Of course, that argument only makes sense if you haven’t been actively suppressing all attempts to formulate an alternative, which is precisely what DSGE macroeconomists have been doing for the last two or three decades. And yet despite this suppression, there are alternatives emerging, particularly from the empirical side. There are now empirical approaches to macroeconomics that don’t use DSGE models. Regression discontinuity methods and other “natural experiment” designs—not to mention actual experiments—are quickly rising in popularity as economists realize that these methods allow us to actually empirically test our models instead of just adding more and more mathematical complexity to them.

But there still seems to be a lingering attitude that there is no other way to do macro theory.
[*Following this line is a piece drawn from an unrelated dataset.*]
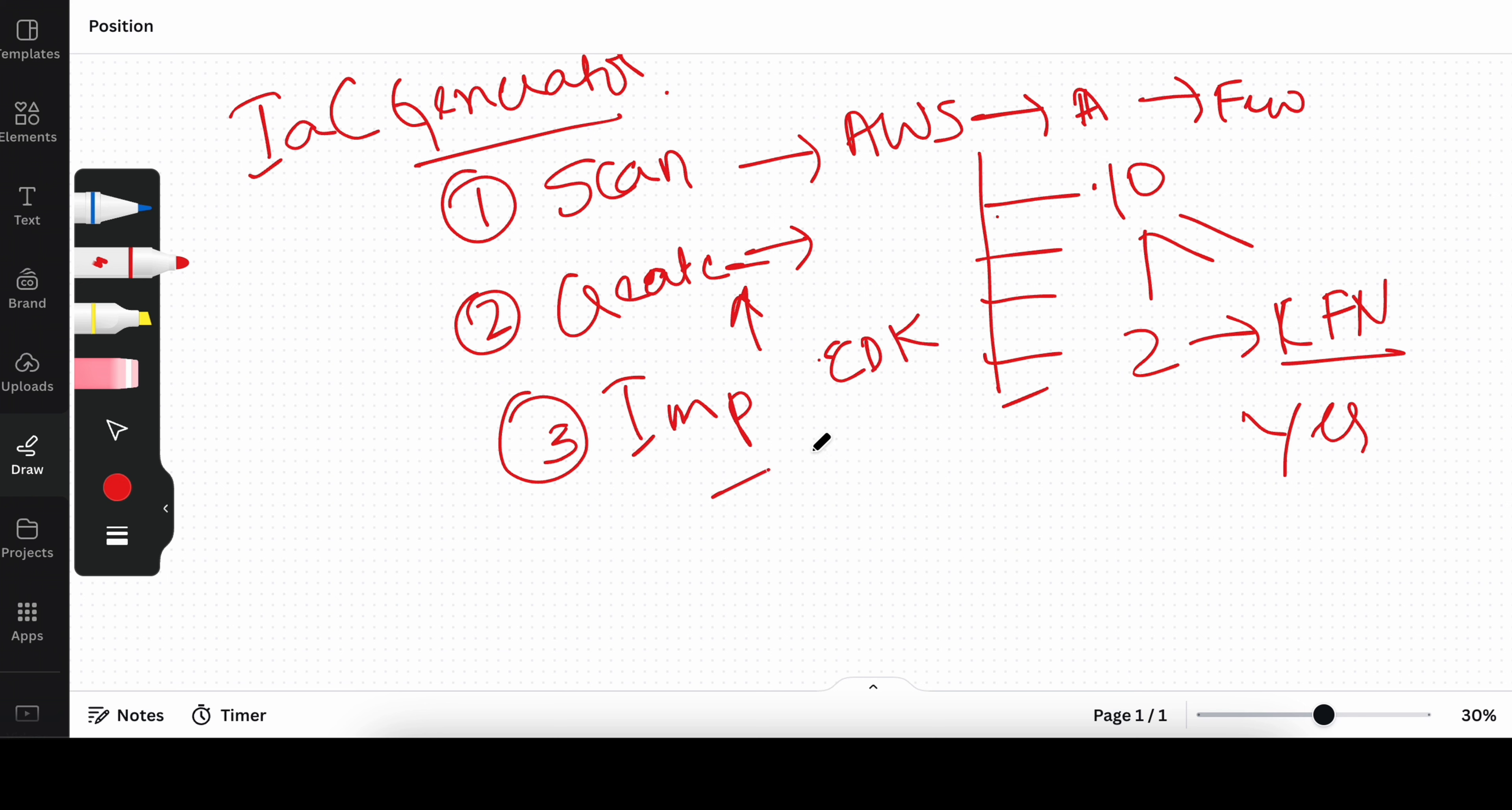You can select that and at the end you can import them to the CloudFormation or CDK. This is one of the important tools that AWS has released this year which is quite handy. Next we will go ahead, log into our AWS console and actually see how this tool can be utilized in production. So see you in the AWS console.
This is very frustrating for me personally, because deep down I think what I would like to do as a career is macro theory: By temperament I have always viewed the world through a very abstract, theoretical lens, and the issues I care most about—particularly inequality, development, and unemployment—are all fundamentally “macro” issues. I left physics when I realized I would be expected to do string theory. I don’t want to leave economics now that I’m expected to do DSGE. But I also definitely don’t want to do DSGE.

Fortunately with economics I have a backup plan: I can always be an “applied micreconomist” (rather the opposite of a theoretical macroeconomist I suppose), directly attached to the data in the form of empirical analyses or even direct, randomized controlled experiments. And there certainly is plenty of work to be done along the lines of Akerlof and Roth and Shiller and Kahneman and Thaler in cognitive and behavioral economics, which is also generally considered applied micro. I was never going to be an experimental physicist, but I can be an experimental economist. And I do get to use at least some theory: In particular, there’s an awful lot of game theory in experimental economics these days. Some of the most exciting stuff is actually in showing how human beings don’t behave the way classical game theory predicts (particularly in the Ultimatum Game and the Prisoner’s Dilemma), and trying to extend game theory into something that would fit our actual behavior. Cognitive science suggests that the result is going to end up looking quite different from game theory as we know it, and with my cognitive science background I may be particularly well-positioned to lead that charge.

Still, I don’t think I’ll be entirely satisfied if I can’t somehow bring my career back around to macroeconomic issues, and particularly the great elephant in the room of all economics, which is inequality. Underlying everything from Marxism to Trumpism, from the surging rents in Silicon Valley and the crushing poverty of Burkina Faso, to the Great Recession itself, is inequality. It is, in my view, the central question of economics: Who gets what, and why?

That is a fundamentally macro question, but you can’t even talk about that issue in DSGE as we know it; a “representative agent” inherently smooths over all inequality in the economy as though total GDP were all that mattered. A fundamentally new approach to macroeconomics is needed. Hopefully I can be part of that, but from my current position I don’t feel much empowered to fight this status quo. Maybe I need to spend at least a few more years doing something else, making a name for myself, and then I’ll be able to come back to this fight with a stronger position.

In the meantime, I guess there’s plenty of work to be done on cognitive biases and deviations from game theory.